ARTICLE NATASHA STAGG
Steven Sebring loves old-fashioned photography. His studio is decorated with near-ancient cameras and the tracings of the analog-inspired: hardwood floors, soft leather chairs, sheepskin, guitars, and a miniature drum set for his son who is “media free.” But there is a future-driven element to even the most puritanical photographers. Capturing real-time with a machine is still a theoretical concept, much like the fourth dimension is. And the fourth dimension, along with the organic movement and imperfections of life, insists Sebring, is captured here, in a contraption he’s built and shrouded in secrecy for the past three years.
“The Big Rig,” as he calls it, is a paneled geodome lined with a hundred cameras on a wheel. The project it has created is called “Revolution.” His subjects—star of the eleven-year project that preceded this one, the film Dream of Life, Patti Smith; a tai chi master who rents a studio in his building; and current “muse,” the model/activist/TV star Coco Rocha, along with others—enter the dome and are recorded.
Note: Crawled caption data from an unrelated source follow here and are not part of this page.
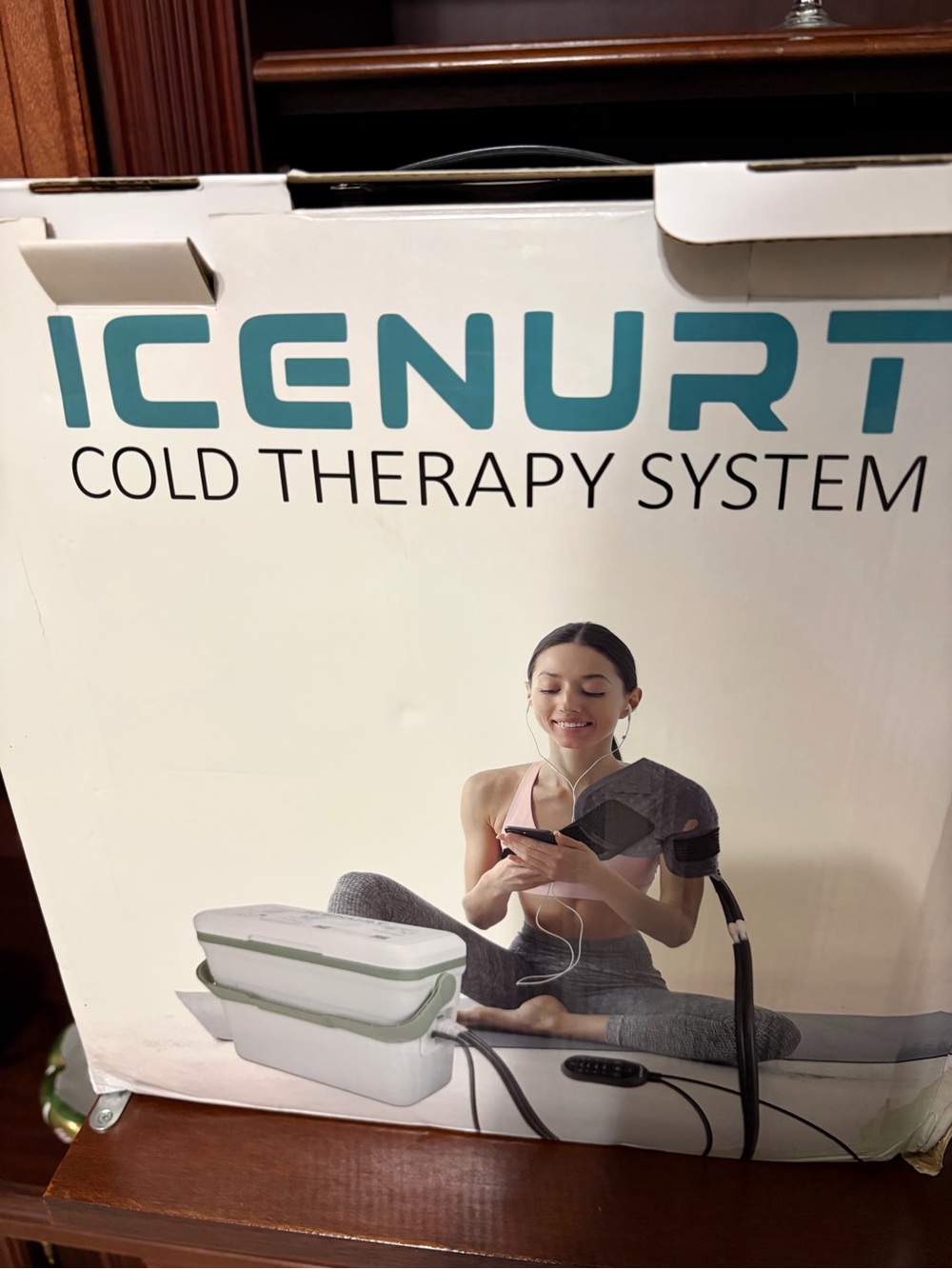 Cold Therapy System - White/Teal
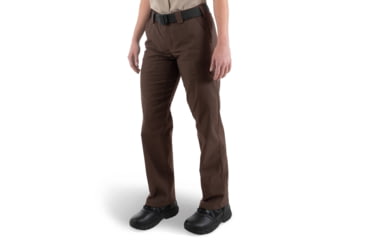 Image of First Tactical V2 Pro Duty 6 Pocket Pant - Womens, Kodiak Brown, Tall, 20, 124041-182-20-T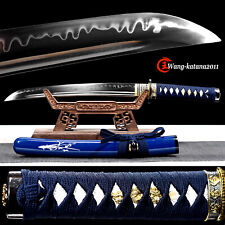 20''Tanto Clay Tempered T10 Mini Katana Knife Sharp Japanese Samurai Short Sword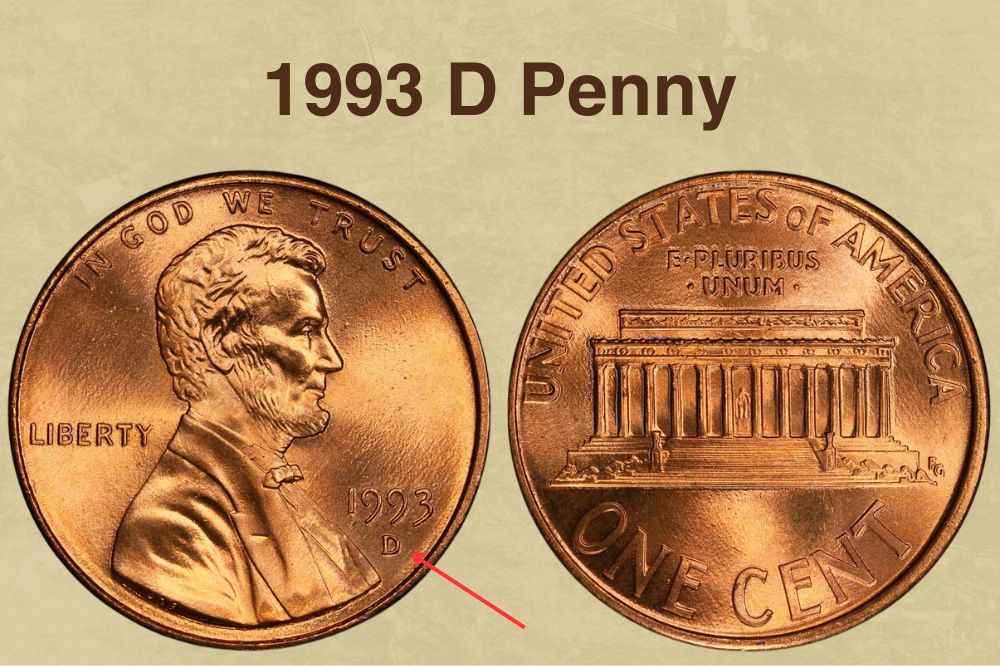 Is your 1993 d penny value high? Discover the factors that make some pennies more expensive.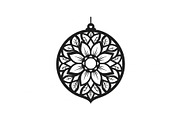 Hanging Mandala Ornament Vector Bund, an Illustration by musafir_fashion (Thumbnail 24 of 51)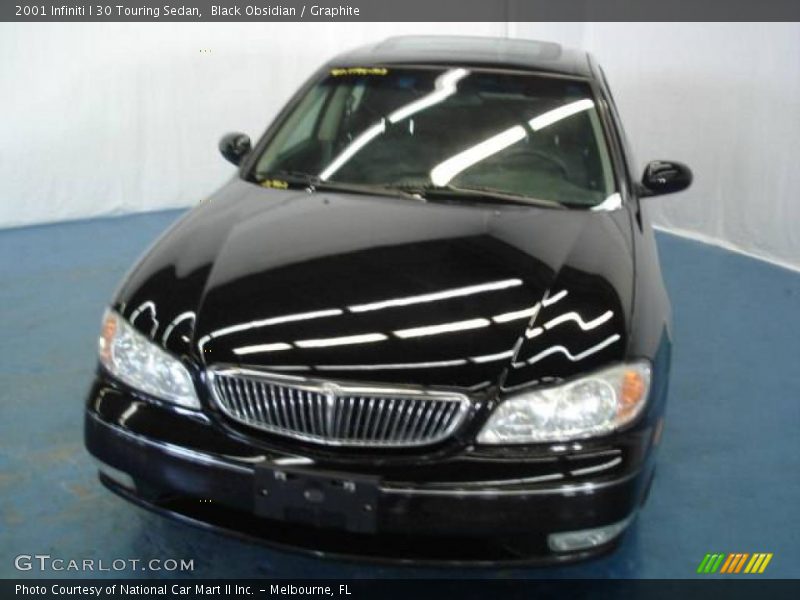Black Obsidian / Graphite 2001 Infiniti I 30 Touring Sedan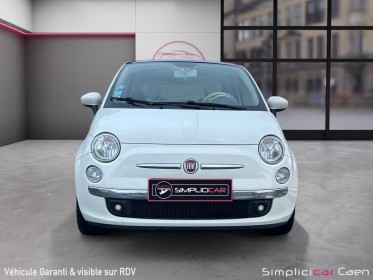 Fiat 500 serie 3 1.2 8v 69 ch lounge garantie 12 mois. occasion simplicicar caen  simplicicar simplicibike france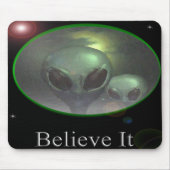 Alien Grays mousepad (Vorne)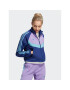 adidas Jopa Tiro Woven Track Top HS7482 Modra Regular Fit - Pepit.si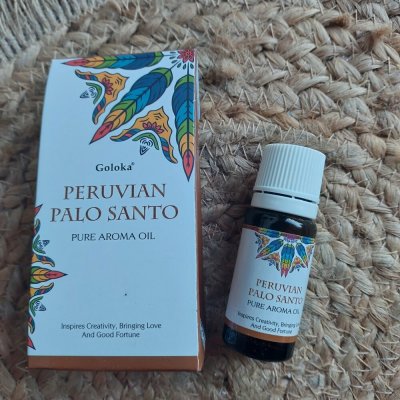 Goloka vonný olej Palo Santo 10 ml – Hledejceny.cz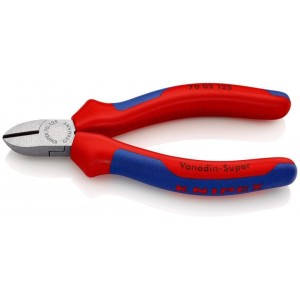Knipex Szczypce Tnące Boczne Precyzyjne 125 mm 70 02 125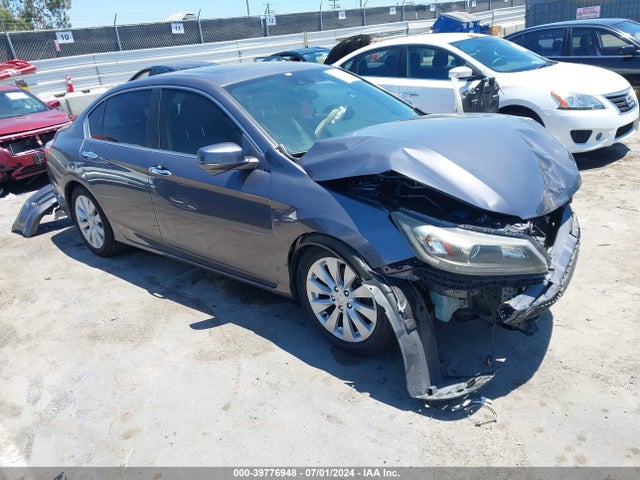 Honda Accord Ex-l 2014 1HGCR2F84EA051774 Image 1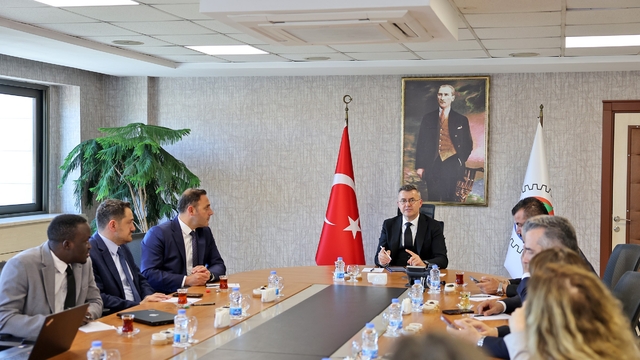 MTSO'dan Ortadoğu ticaret ağı hamlesi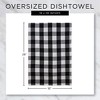 Design Imports  Home Sweet Farmhouse Oven Mitt, Potholder And Dishtowel Kitchen Set 4 Piece, Antique Green - 4 of 4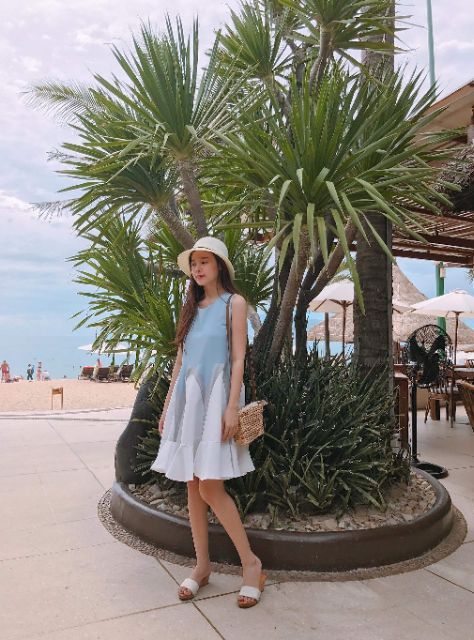 Đầm xòe Lalla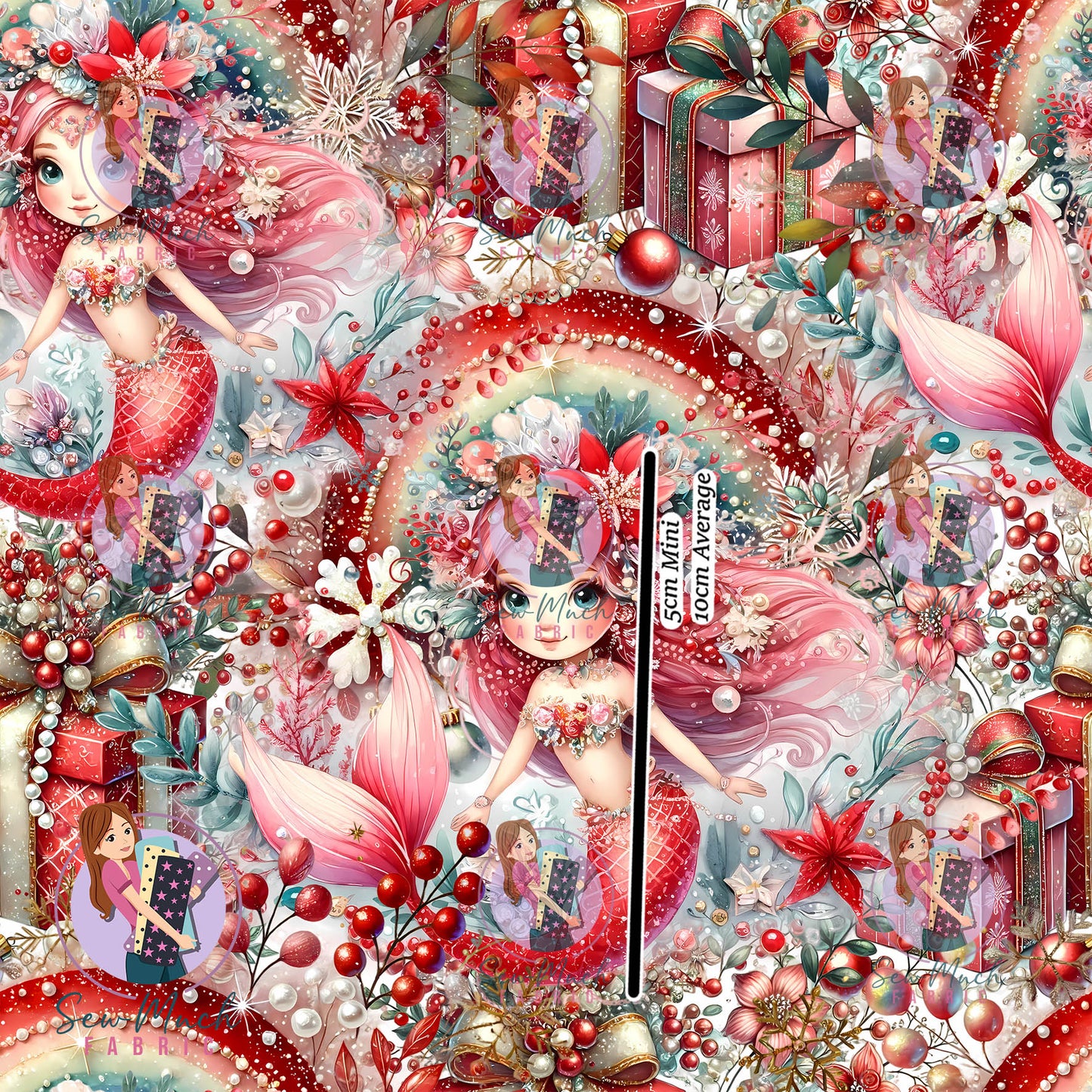 CHRISTMAS Pre-Order: Christmas Mermaids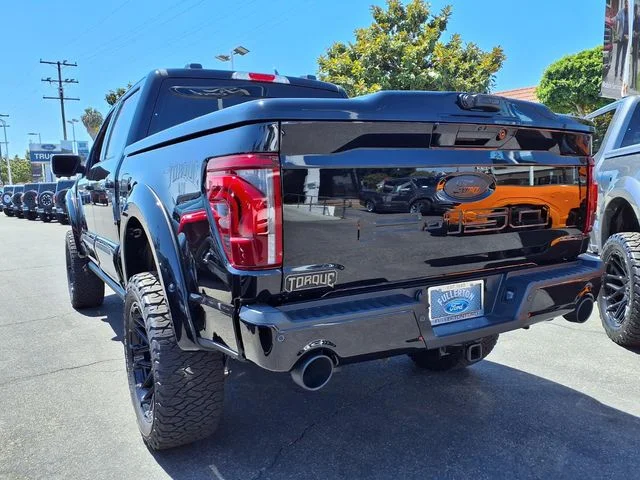 New 2026 Agate Black Metallic Ford Lariat® image 4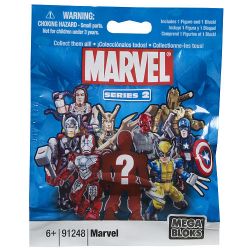 MEGA BLOKS 91248V non  MOURNING MOTRIVE MOTION SERIES 2 bộ đồ chơi xếp lắp ráp ghép mô hình Marvel Super Heroes MARVEL MICRO ACTION FIGURES - SERIES 2 Siêu Anh Hùng Marvel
The result is a picture that captures hundreds of angles per second, making the image interactive: viewable from all sides, perfect for photo booths that send images to iPads, and, yes, revolutionary, in studying the body in motion.
Large-scale photographs accompanied by tablets and 3-D printed captures will be on display from May 21st to the 23rd at the 69th Regiment Armory (and 69, says Sebring, is his lucky number) in New York, and the opening is on the 22nd. Much more is in the works after this invention is brought to light, though, since the possibilities are limitless, and 30 patents protect the software that harnesses these observations. Rocha herself is as enthusiastic as the creator about his invention. As the first model to be photographed by the Lytro camera in 2011 (after contacting the company herself about it), she has a reputation for assisting in the discovery of communicative technology. “This is the only project I keep coming back to,” she says, after explaining that she turned down a very, very good job to participate in this one. That’s how badly she wanted to be the first in the machine. “It’ll be something else to put on my Wikipedia page.”
Sebring’s inspirations don’t stem from the digital world, though. Marcel Duchamp’s radical 1912 painting Nude Descending a Staircase, No. 2 (first shown at the Armory in 1913) attempted, and in many ways succeeded masterfully, to capture the movement of a person coming down the stairs. Entirely by coincidence, 100 years later, in the same space, Sebring will show his version of Nude Descending. He shows me the demo version on his iPad, and there it is: a nude, walking down stairs, traced through time with fluttering trails made by her feminine gestures. “We killed it,” he said. “We really killed it.”